SUPPLIED DATA:
*** Begin section ***
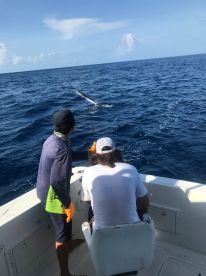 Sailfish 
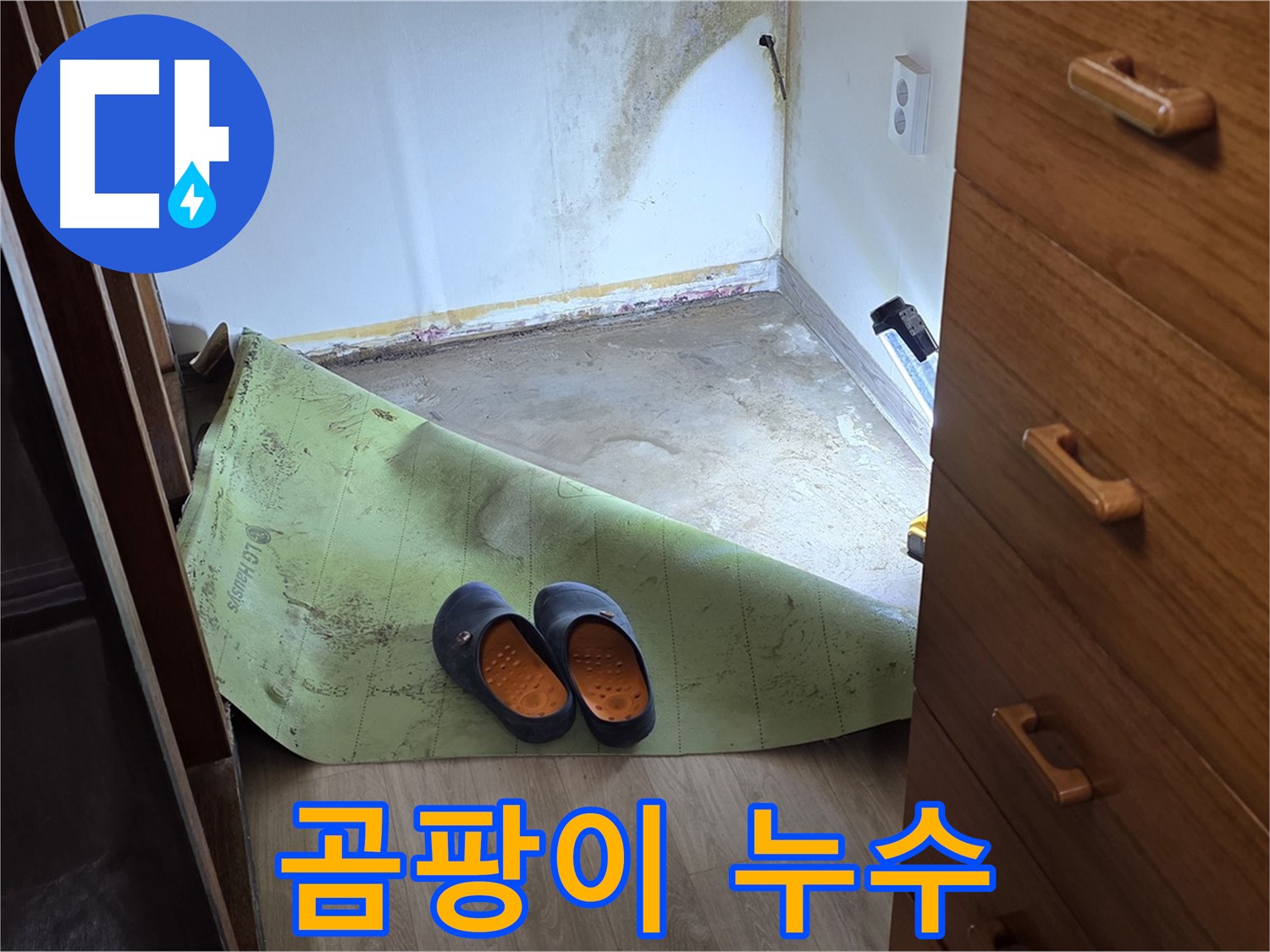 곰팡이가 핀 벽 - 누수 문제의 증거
*** End section ***
*** Begin section ***
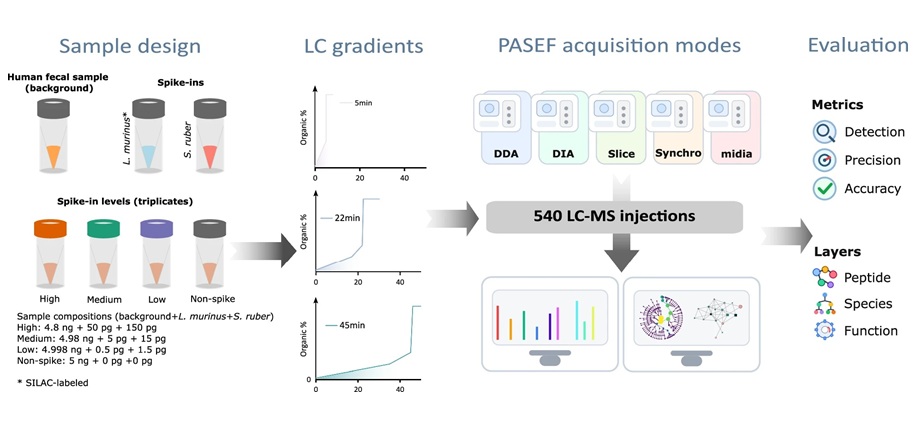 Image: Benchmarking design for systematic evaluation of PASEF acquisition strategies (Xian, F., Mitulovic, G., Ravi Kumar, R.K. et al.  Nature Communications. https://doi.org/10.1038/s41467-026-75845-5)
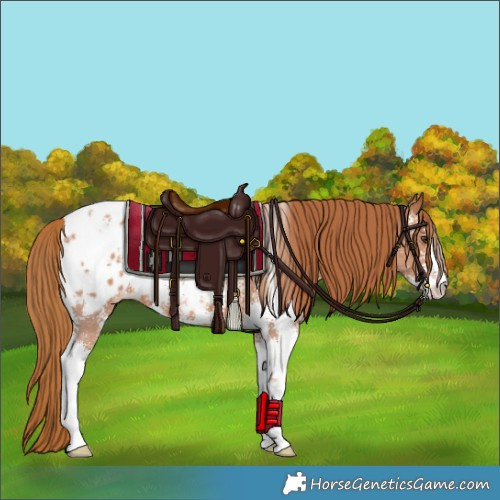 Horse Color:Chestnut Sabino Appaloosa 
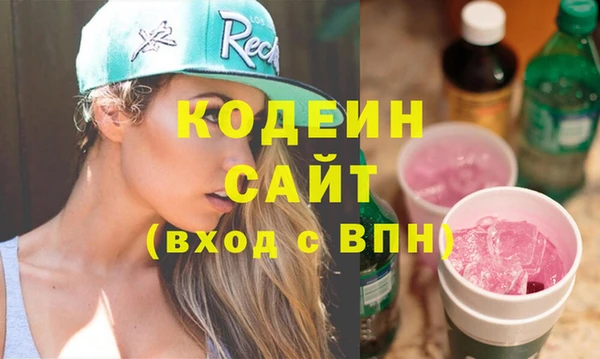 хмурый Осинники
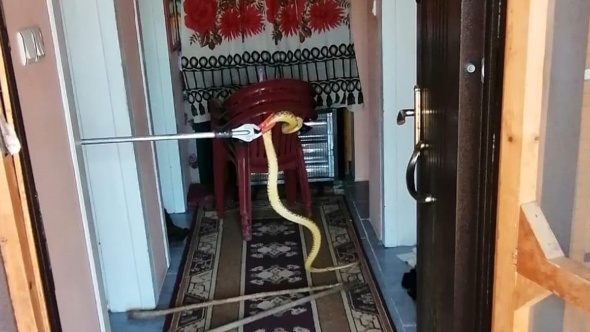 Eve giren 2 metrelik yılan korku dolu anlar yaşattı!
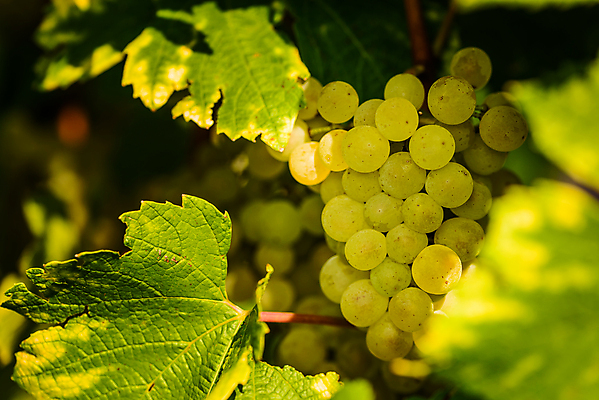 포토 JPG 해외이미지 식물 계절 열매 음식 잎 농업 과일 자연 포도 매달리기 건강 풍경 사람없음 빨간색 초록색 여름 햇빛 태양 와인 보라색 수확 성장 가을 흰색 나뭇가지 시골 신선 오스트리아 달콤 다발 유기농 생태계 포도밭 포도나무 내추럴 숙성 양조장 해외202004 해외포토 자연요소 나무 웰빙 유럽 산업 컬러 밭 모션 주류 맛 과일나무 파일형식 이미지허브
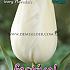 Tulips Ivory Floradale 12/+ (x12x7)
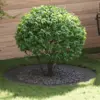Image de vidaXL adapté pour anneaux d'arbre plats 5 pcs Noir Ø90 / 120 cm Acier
*** End section ***
WHAT THE TASK ASKS:
The data above holds the lines to copy: start at the one with "Image: Benchmarking design", stop at the one with "Image de vidaXL", include both, copy them exactly without pictures, and copy nothing else.

ANSWER FOR THE TASK:
 Image: Benchmarking design for systematic evaluation of PASEF acquisition strategies (Xian, F., Mitulovic, G., Ravi Kumar, R.K. et al.  Nature Communications. https://doi.org/10.1038/s41467-026-75845-5)
 Horse Color:Chestnut Sabino Appaloosa 
 хмурый Осинники
 Eve giren 2 metrelik yılan korku dolu anlar yaşattı!
 포토 JPG 해외이미지 식물 계절 열매 음식 잎 농업 과일 자연 포도 매달리기 건강 풍경 사람없음 빨간색 초록색 여름 햇빛 태양 와인 보라색 수확 성장 가을 흰색 나뭇가지 시골 신선 오스트리아 달콤 다발 유기농 생태계 포도밭 포도나무 내추럴 숙성 양조장 해외202004 해외포토 자연요소 나무 웰빙 유럽 산업 컬러 밭 모션 주류 맛 과일나무 파일형식 이미지허브
 Tulips Ivory Floradale 12/+ (x12x7)
Image de vidaXL adapté pour anneaux d'arbre plats 5 pcs Noir Ø90 / 120 cm Acier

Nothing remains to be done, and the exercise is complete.